Zen Filter

Zen Buddhist websites, news, and discussion

Sunday, April 30, 2006

Blogmandu: Roundup for Apr 23 - 29, 2006

As always, Blogmandu has links to some interesting blogs:

"There is/was a ton of great stuff for Buddhism blog readers to find, written by our noble blogger friends. Hot topics: Ken Wilber, the Dalai Lama, Osho, animal rights, Kabbalah, Hotei on a wall, Peaceful Warrior, Buddhism in the hinterlands, another Danny Fisher sighting, a killer cow, and differences between South Koreans and Americans."

Wednesday, April 26, 2006

Exploring Buddhism

Another interesting Buddhist blog.

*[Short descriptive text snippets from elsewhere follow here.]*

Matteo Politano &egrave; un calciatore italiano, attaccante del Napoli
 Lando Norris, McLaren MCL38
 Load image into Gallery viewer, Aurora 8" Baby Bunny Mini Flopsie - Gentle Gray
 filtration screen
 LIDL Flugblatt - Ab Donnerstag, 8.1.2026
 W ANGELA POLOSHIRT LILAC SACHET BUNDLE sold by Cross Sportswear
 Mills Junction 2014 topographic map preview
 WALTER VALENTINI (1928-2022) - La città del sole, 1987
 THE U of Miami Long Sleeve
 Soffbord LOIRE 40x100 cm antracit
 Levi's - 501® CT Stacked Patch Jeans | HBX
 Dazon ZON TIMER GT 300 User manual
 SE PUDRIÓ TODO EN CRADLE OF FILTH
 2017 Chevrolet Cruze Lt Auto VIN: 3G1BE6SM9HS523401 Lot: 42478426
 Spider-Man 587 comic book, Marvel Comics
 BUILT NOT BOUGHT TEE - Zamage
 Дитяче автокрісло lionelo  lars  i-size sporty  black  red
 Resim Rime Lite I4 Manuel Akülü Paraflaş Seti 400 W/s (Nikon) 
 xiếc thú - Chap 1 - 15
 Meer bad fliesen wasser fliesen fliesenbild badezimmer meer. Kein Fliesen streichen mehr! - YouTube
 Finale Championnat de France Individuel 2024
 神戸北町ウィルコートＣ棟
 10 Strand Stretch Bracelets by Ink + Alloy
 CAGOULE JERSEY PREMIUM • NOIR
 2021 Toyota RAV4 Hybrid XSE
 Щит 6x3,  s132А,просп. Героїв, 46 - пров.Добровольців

Here's an excerpt from a post titled " Hyperactive mind!":

"Not condemning myself for this, but when I meditated this evening my mind would not quit!"

Been there.

Monday, April 24, 2006

Miraculous Awakening

A Zen talk by Venerable Hyunoong Sunim with translator Ja Gwang:

"We have this miraculous awareness that cannot be expressed in words; and we have to simply experience it. Then automatically the things that we cling to are released. At that point we are no longer attached-- not because we are trying to be unattached but because our nature no longer clings to anything."

Saturday, April 22, 2006

Zen pencils?

More Zen marketing spotted at Paper Frog:

"Introducing Zen Pencils. One might now presumably seek enlightenment while working out the weekly grocery list. What will they think of next?"

Friday, April 21, 2006

Excerpt from "Secret of the Golden Flower"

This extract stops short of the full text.